Ein prägender Punkt der eingetrübten Stimmung bei Handel und Gewerbe auch in andern Innenstädten ist das veränderte Kaufverhalten. Seit Corona haben selbst ältere Menschen die Bequemlichkeiten des Internethandels entdeckt. Da viele Kunden aufgrund gestiegener Preise weniger Geld zur Verfügung haben, wird der Druck und die Abwanderung in den Internethandel verstärkt. Die Gesamtfolgen dieser Transformation können die Bürgerinnen und Bürger der Stadt, aber auch Besucher und Touristen täglich sehen: Leere Geschäfte in fast allen Bereichen der Altstadt, auch hat Ravensburg einen nicht gerade guten Ruf, weil das Parken deutlich teurer ist als in den Nachbargemeinden.

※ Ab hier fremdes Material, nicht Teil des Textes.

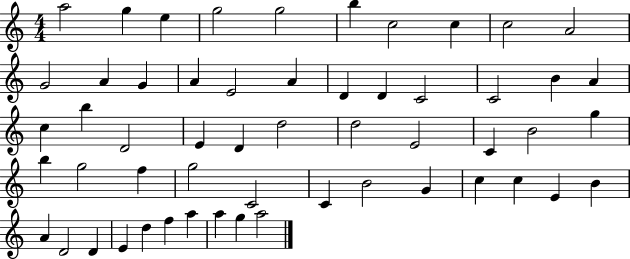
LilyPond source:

{
  \clef treble
  \numericTimeSignature
  \time 4/4
  \key c \major
  a''2 g''4 e''4 | g''2 g''2 | b''4 c''2 c''4 | c''2 a'2 | \break g'2 a'4 g'4 | a'4 e'2 a'4 | d'4 d'4 c'2 | c'2 b'4 a'4 | \break c''4 b''4 d'2 | e'4 d'4 d''2 | d''2 e'2 | c'4 b'2 g''4 | \break b''4 g''2 f''4 | g''2 c'2 | c'4 b'2 g'4 | c''4 c''4 e'4 b'4 | \break a'4 d'2 d'4 | e'4 d''4 f''4 a''4 | a''4 g''4 a''2 | \bar "|."
}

„Die Kerze brennt leider von beiden Seiten“, sagte Oberbürgermeister Daniel Rapp am Montagnachmittag bei einem Pressegespräch am Montagnachmittag. Die Pläne der Stadt, um die Belastungen der nächsten Jahre abzufedern, klingen für die Besucher der Stadt, aber auch die Bürgerinnen und Bürger der Stadt erfreulich. So soll am Anfang Januar 2024 die erste Stunde in der Marienplatz-Tiefgarage kostenlos sein. An Samstagen rückt zudem der ÖPNV in den Mittelpunkt. So soll der Stadtbus Ravensburg-Weingarten auf allen Linien komplett kostenlos sein. Dies hatten Einzelhändler schon seit längerem gefordert. Bislang lag der Preis bei 1,- Euro pro Person und Fahrt. „Für eine vierköpfige Familie sind das auch 8 Euro nur für die Fahrt in die Stadt und wieder zurück“, betonte OB Rapp.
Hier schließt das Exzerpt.